In this chapter, you learned about the model and controller pieces of the MVC pattern that MonoCross uses to create a shared code base. You learned how to create the models based on data either necessary to create views they support or to complete calculations based on business rulesets. The chapter also addressed the importance of coding business rules into the controller whenever possible. Code placed in the model and controller classes are the heart of your shared code base.

In the next chapter you take a look at building views for the customer management application. You explore the different UI objects within the various SDKs, as well as looking at how to leverage the MonoCross framework to pass execution from the controller's Load() method to the container's Render() method.

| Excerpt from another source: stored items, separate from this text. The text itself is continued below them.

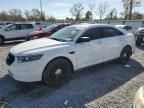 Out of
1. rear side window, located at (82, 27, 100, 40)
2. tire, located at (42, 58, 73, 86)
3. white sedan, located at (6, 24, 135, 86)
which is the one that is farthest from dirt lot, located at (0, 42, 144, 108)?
rear side window, located at (82, 27, 100, 40)

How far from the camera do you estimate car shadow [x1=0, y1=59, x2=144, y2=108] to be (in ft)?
13.5

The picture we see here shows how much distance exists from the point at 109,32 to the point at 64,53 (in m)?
2.28

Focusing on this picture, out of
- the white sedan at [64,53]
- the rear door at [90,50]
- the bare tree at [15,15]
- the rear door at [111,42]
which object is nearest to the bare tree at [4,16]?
the bare tree at [15,15]

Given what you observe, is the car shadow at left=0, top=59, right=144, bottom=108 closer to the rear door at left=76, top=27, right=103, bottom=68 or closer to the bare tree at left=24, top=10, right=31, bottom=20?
the rear door at left=76, top=27, right=103, bottom=68

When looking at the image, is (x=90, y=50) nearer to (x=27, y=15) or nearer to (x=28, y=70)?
(x=28, y=70)

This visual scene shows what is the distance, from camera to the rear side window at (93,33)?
5627mm

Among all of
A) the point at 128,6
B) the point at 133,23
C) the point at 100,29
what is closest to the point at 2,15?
the point at 128,6

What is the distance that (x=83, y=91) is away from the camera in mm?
4625

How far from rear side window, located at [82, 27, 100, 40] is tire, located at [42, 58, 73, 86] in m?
1.19

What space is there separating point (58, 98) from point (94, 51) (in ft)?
6.61

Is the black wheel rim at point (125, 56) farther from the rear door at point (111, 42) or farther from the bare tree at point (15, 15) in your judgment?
the bare tree at point (15, 15)

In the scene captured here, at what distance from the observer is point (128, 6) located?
3959 centimetres

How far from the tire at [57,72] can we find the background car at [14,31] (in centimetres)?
1050

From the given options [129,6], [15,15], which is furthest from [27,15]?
[129,6]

The link between the controller and the view is the model and view perspective. One option for data loading is to kick off the data load in the controller and let the view pick it up when the Render() method is called. In the case of the Customer List controller, there would be no logic executed in the controller. The default view perspective could be returned and execution passed on. The advantage of that approach comes when the view takes a while to render, or the wait spinner can display in the view until the model is populated. That flow of execution works well in cases where no business logic execution needs to occur after the model is populated.